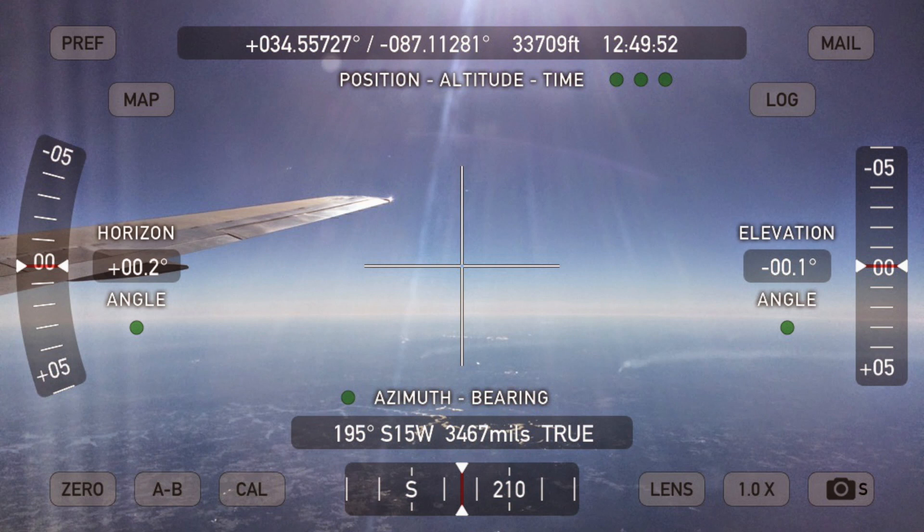So this is direct evidence that the horizon is not at eye level when you're in an airplane.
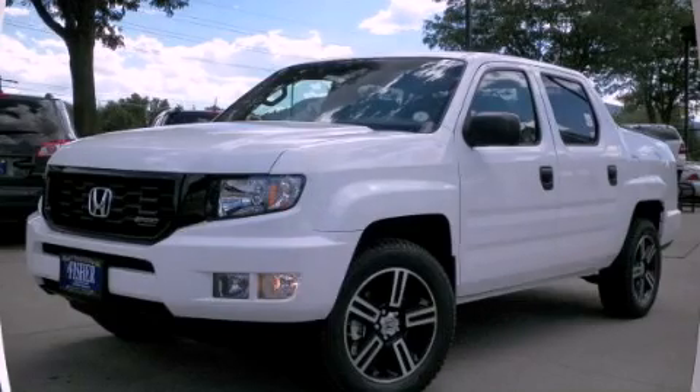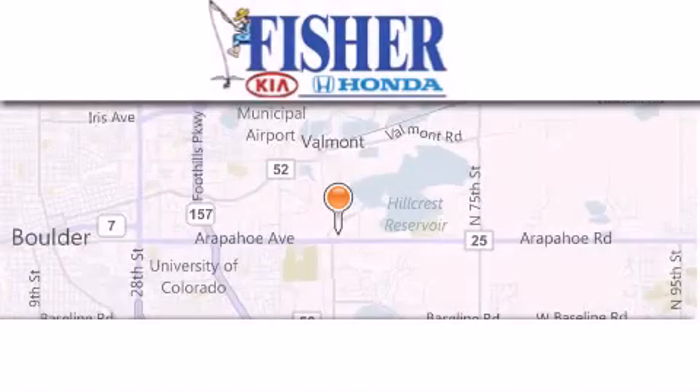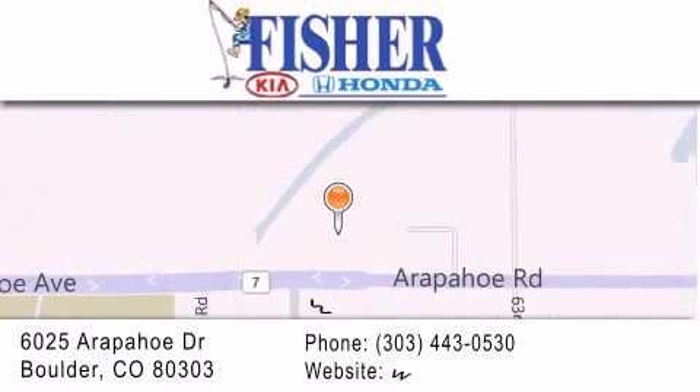Call now to find out how you can own this breathtaking automobile. Fisher Auto is located at 6025 Arapahoe Drive in Boulder. Our goal is to exceed all of your expectations to ensure that you'll return for future visits.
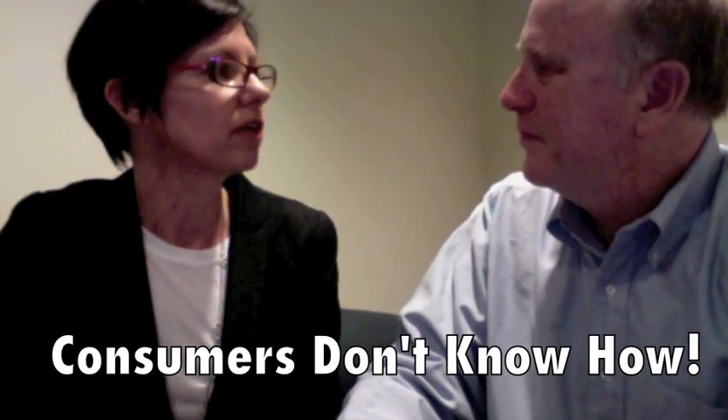And are consumers going green? Absolutely. They're going green, but they don't know how to go green. That's the thing. Consumers want to save energy, but how do we do that? It's really hard to understand how energy works in your home.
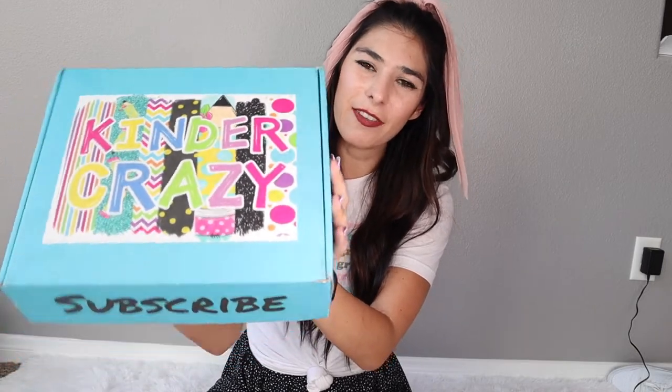Hey y'all, what's up? Welcome back to my channel. If you're new here, my name is Taylor and I'm a third grade teacher in Central California. Today's video is going to be opening a new teacher subscription box. This box is called Kinder Crazy. You can find them at kindercrazy.com. You can also find them on Instagram and talk to the lovely Heather over at crazykinderbox. I'll put those links in my description down below.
□ □ □ □ □
EXERCISE
Starting at the line that contains "Call now to", extract each line through the last line of the material exactly as written, and include no pictures.

WRITTEN SOLUTION
Call now to find out how you can own this breathtaking automobile. Fisher Auto is located at 6025 Arapahoe Drive in Boulder. Our goal is to exceed all of your expectations to ensure that you'll return for future visits.
And are consumers going green? Absolutely. They're going green, but they don't know how to go green. That's the thing. Consumers want to save energy, but how do we do that? It's really hard to understand how energy works in your home.
Hey y'all, what's up? Welcome back to my channel. If you're new here, my name is Taylor and I'm a third grade teacher in Central California. Today's video is going to be opening a new teacher subscription box. This box is called Kinder Crazy. You can find them at kindercrazy.com. You can also find them on Instagram and talk to the lovely Heather over at crazykinderbox. I'll put those links in my description down below.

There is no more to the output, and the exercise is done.